(Extracted records)
════

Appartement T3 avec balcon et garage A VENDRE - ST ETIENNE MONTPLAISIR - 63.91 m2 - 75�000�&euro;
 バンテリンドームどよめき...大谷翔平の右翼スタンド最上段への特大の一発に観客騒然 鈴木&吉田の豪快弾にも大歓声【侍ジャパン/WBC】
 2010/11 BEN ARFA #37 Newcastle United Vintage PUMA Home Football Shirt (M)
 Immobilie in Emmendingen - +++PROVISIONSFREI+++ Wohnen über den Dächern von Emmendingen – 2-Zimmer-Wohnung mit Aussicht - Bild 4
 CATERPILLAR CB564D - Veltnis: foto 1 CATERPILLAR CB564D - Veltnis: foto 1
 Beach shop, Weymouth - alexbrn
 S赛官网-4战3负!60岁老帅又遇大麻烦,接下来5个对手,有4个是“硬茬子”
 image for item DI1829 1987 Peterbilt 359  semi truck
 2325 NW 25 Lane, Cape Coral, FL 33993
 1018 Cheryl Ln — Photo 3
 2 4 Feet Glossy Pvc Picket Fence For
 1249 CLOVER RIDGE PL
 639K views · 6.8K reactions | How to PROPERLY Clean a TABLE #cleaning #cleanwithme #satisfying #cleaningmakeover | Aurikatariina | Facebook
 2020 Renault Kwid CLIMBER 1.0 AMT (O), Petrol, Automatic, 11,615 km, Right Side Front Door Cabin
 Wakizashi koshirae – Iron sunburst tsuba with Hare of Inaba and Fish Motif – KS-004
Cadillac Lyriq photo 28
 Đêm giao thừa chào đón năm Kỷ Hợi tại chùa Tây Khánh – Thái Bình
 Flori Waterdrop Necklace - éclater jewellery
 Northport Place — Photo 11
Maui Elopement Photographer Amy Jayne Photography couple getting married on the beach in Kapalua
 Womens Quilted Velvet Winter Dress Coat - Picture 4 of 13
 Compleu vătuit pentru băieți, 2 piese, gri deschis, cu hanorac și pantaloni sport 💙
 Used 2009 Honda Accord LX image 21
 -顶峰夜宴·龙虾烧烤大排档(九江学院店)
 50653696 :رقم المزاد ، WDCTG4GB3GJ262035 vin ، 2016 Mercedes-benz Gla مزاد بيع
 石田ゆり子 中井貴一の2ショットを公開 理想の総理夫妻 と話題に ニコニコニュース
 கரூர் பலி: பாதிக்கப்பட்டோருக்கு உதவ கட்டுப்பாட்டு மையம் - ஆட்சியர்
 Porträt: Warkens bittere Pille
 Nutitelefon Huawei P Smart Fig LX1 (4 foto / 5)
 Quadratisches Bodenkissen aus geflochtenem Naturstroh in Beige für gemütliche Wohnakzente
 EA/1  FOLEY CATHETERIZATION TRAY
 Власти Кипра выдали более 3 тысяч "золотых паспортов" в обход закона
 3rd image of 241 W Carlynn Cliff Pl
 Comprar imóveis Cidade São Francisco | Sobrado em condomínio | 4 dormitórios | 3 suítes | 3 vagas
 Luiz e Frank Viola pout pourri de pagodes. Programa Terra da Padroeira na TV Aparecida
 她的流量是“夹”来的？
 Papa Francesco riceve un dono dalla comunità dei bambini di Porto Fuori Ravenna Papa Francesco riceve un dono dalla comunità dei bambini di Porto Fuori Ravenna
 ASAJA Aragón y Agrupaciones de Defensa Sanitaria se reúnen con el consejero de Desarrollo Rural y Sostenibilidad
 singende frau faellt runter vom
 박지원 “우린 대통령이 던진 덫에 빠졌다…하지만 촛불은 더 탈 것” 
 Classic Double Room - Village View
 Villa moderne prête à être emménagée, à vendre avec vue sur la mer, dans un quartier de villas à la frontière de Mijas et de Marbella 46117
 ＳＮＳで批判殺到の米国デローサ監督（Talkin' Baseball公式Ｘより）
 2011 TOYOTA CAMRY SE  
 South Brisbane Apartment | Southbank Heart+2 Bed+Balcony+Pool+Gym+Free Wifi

════

§ **YOUR GOAL**
From the records above, copy each line in which the string "image" occurs.

§ **WRITTEN SOLUTION**
 image for item DI1829 1987 Peterbilt 359  semi truck
 Used 2009 Honda Accord LX image 21
 3rd image of 241 W Carlynn Cliff Pl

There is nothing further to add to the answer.